REQUIRED ACTION:
Scan the entries below. List each line with "Women".

- - - - -

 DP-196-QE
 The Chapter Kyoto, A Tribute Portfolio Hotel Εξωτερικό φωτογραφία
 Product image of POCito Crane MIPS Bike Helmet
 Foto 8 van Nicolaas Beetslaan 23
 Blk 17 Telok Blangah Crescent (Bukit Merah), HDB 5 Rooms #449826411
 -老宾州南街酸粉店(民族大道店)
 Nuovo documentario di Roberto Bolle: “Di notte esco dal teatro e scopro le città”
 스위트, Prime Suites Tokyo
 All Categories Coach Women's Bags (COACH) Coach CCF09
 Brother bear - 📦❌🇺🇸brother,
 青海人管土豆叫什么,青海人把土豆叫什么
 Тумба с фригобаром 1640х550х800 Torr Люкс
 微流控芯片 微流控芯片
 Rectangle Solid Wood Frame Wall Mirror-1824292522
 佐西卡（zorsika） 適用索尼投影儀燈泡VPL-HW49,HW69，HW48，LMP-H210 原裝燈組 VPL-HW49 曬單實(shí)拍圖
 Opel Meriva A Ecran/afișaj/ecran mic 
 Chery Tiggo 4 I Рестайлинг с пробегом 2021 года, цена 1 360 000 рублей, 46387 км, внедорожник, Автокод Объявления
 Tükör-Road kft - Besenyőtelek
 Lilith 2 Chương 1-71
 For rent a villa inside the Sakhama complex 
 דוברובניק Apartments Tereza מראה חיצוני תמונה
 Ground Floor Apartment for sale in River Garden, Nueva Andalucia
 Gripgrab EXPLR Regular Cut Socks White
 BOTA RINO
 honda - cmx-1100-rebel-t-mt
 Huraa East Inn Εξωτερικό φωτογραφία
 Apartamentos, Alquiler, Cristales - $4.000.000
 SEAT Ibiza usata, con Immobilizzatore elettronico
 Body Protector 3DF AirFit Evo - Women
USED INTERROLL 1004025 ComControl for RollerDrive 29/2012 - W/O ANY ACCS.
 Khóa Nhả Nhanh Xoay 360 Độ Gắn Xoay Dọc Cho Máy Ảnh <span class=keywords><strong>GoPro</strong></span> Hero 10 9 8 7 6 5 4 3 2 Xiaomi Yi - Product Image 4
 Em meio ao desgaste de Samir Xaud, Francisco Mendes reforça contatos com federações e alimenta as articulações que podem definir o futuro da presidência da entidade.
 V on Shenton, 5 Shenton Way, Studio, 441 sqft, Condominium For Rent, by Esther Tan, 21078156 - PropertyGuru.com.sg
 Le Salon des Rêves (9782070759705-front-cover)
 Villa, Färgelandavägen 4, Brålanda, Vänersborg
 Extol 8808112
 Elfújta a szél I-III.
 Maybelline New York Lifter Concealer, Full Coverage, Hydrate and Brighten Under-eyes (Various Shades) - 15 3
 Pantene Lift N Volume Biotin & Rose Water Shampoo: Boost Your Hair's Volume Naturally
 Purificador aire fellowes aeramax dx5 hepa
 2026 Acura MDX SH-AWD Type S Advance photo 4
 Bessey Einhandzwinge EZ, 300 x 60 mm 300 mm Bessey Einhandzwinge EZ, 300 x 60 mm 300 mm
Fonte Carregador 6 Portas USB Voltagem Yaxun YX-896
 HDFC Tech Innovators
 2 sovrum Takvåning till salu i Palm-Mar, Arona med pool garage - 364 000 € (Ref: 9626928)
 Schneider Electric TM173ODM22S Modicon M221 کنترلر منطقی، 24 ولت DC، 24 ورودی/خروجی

- - - - -

WRITTEN ANSWER:
 All Categories Coach Women's Bags (COACH) Coach CCF09
 Body Protector 3DF AirFit Evo - Women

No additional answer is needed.